GEGP, ile ilk aşamada para tabanı, nihai aşamada enflasyon hedeflemesi olmak üzere çift çapalı bir istikrar programı uygulanması amaçlanmıştır. Parasal tabanın enflasyon ve büyüme öngörüleri ile tutarlı olarak 2001 yılında %47 oranında artması öngörülmüştür. Bu sayede hedeflenen enflasyon oranının yakalanabileceği düşünülmüştür. Böyle bir politikanın başarısı için, gelişmiş mali piyasaların olduğu bir ortamda bağımsız olarak hareket eden Merkez Bankasının enflasyon hedefi doğrultusunda istediği para politikası araçlarını kullanabilmesi gerekliydi. Bu nedenle GEGP ile Merkez Bankasının bağımsızlığını artırmaya yönelik düzenlemeler yapılmıştır.

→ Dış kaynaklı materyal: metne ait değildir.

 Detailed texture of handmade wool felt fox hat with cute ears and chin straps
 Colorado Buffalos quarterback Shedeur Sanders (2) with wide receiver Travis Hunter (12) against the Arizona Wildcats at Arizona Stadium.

2000 Kasım ve 2001 Şubat krizleri ile birlikte; Türkiye’de teknolojik atılım gerçekleştirilmeden, üretim ve verimlilik artırılmadan yani rant ekonomisinden üretim ekonomisine geçiş sağlanmadan enflasyonun düşürülmesinin ve uzun süre bu düşük seviyenin korumasının mümkün olmadığı anlaşılmıştır. Bu nedenle GEGP’nda yapısal

sorunların çözülmesi enflasyonla mücadelenin ön şartı kabul edilmiştir. Mevcut yapısal sorunların çözülmesi için; GEGP çerçevesinde, Mali sektörün yeniden yapılandırılması, Devlette şeffaflığın artırılması ve kamu finansmanının güçlendirilmesine, Ekonomide rekabetin ve etkinliğin artırılması, son olarak da Sosyal dayanışmanın güçlendirilmesine olmak üzere dört ana alanda 15 yasal düzenleme yapılmasına karar verilmiştir.

Kamu açıklarının yüksek olduğu Türkiye gibi ülkelerde yüksek faiz oranlarından yararlanmak için ülkeye gelen sıcak paranın beklentilerdeki olumsuzluk nedeniyle krizlere yol açması ve kamu kesimini fonlamayı kendine görev edinmiş bankacılık sektörünün de bu durumdan olumsuz etkilenmesi kaçınılmaz olarak görülmektedir. Bu nedenle GEGP ile öncelikle sıkı para ve maliye politikası uygulayarak bir bütçe fazlası elde etmek ve devletin borçlanma gereğini düşürmek istenmiştir. Bunun yanında alınan yapısal önlemlerle devletin şeffaf ve verimli çalışması, piyasa ekonomisi koşullarında rekabetin arttırılması, Avrupa Birliği’ne katılım konusunda sürecin hızlandırılması amaçlanmıştır.